Find the Highest Maximum A Posteriori probability estimate (MAP) of a
posterior, i.e., the value associated with the highest probability density
(the "peak" of the posterior distribution). In other words, it is an estimation
of the mode for continuous parameters. Note that this function relies on
estimate_density()
, which by default uses a different smoothing bandwidth
("SJ"
) compared to the legacy default implemented the base R density()
function ("nrd0"
).
Usage
map_estimate(x, ...)
# S3 method for class 'numeric'
map_estimate(x, precision = 2^10, method = "kernel", ...)
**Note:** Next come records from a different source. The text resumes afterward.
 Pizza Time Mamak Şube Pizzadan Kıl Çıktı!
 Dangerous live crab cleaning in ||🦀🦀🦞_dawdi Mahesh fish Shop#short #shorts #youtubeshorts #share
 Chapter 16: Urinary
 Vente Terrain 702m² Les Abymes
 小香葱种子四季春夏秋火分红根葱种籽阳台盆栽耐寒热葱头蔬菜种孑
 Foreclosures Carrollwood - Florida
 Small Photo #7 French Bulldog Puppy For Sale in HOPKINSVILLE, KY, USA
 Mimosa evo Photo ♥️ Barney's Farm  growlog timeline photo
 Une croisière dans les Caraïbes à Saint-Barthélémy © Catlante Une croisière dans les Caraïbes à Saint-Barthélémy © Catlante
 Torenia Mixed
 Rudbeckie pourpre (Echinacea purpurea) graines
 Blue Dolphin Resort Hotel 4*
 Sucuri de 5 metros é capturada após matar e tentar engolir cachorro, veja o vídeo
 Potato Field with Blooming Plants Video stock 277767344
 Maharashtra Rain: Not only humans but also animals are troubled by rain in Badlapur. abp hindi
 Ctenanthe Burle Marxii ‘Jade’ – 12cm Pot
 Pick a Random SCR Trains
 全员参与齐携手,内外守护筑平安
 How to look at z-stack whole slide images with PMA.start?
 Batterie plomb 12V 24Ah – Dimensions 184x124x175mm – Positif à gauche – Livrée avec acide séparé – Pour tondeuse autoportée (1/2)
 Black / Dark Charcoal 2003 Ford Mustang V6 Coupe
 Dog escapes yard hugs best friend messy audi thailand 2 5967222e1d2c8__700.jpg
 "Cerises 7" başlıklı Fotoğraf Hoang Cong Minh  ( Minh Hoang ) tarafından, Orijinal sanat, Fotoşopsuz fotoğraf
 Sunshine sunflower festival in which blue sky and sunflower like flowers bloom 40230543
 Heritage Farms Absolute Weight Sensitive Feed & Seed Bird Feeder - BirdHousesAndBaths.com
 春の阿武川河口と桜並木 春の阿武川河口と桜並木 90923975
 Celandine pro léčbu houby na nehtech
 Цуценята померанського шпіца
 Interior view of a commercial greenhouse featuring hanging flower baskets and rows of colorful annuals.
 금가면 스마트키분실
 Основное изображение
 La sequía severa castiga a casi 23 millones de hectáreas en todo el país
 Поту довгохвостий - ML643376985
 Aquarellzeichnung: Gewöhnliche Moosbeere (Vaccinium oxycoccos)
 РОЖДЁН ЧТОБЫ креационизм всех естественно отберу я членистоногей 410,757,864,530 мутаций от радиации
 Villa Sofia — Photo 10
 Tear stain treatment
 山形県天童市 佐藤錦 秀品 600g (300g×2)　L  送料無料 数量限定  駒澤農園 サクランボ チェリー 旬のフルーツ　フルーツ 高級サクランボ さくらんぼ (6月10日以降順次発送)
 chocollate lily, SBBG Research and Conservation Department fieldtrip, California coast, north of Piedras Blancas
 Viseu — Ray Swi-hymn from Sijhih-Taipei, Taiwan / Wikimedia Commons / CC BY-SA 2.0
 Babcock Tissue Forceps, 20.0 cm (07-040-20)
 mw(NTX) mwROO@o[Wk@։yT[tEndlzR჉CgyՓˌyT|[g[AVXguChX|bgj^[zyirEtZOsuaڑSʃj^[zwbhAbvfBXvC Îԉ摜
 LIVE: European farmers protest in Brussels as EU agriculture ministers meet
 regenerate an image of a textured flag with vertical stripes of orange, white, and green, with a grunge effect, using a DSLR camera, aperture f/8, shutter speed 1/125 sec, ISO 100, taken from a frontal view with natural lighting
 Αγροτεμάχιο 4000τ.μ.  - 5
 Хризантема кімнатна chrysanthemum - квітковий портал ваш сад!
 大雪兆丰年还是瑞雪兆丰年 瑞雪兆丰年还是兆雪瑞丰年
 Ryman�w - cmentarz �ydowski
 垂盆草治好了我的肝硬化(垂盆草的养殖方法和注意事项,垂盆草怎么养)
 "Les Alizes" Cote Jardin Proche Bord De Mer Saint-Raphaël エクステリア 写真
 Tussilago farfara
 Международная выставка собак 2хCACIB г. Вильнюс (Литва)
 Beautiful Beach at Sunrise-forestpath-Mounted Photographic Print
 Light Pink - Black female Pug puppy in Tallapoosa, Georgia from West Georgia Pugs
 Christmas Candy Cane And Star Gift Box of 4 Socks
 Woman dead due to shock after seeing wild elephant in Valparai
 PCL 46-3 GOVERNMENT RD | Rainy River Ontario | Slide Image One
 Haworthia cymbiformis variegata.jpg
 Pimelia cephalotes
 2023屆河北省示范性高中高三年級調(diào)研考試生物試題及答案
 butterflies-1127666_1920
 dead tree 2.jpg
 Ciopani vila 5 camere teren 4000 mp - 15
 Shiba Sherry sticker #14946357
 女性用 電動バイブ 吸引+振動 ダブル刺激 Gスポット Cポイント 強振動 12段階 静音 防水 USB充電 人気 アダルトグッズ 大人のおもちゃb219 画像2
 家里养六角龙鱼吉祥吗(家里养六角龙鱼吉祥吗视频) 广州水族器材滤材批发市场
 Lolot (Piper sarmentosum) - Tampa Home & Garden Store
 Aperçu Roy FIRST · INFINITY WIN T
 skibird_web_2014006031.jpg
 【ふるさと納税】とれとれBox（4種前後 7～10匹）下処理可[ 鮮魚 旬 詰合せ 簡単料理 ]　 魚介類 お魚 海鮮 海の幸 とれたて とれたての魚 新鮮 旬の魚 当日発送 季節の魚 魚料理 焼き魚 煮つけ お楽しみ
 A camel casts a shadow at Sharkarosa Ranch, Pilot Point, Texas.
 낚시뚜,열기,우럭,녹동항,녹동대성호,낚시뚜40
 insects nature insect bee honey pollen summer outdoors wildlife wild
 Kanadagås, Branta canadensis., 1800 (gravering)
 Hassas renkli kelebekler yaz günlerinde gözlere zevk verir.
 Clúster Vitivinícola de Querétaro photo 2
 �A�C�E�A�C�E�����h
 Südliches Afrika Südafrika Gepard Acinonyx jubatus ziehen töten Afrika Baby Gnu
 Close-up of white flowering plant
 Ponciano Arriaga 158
# S3 method for class 'stanreg'
map_estimate(
x,
precision = 2^10,
method = "kernel",
effects = c("fixed", "random", "all"),
component = c("location", "all", "conditional", "smooth_terms", "sigma",
"distributional", "auxiliary"),
parameters = NULL,
...
)
# S3 method for class 'brmsfit'
map_estimate(
x,
precision = 2^10,
method = "kernel",
effects = c("fixed", "random", "all"),
component = c("conditional", "zi", "zero_inflated", "all"),
parameters = NULL,
...
)
# S3 method for class 'data.frame'
map_estimate(x, precision = 2^10, method = "kernel", rvar_col = NULL, ...)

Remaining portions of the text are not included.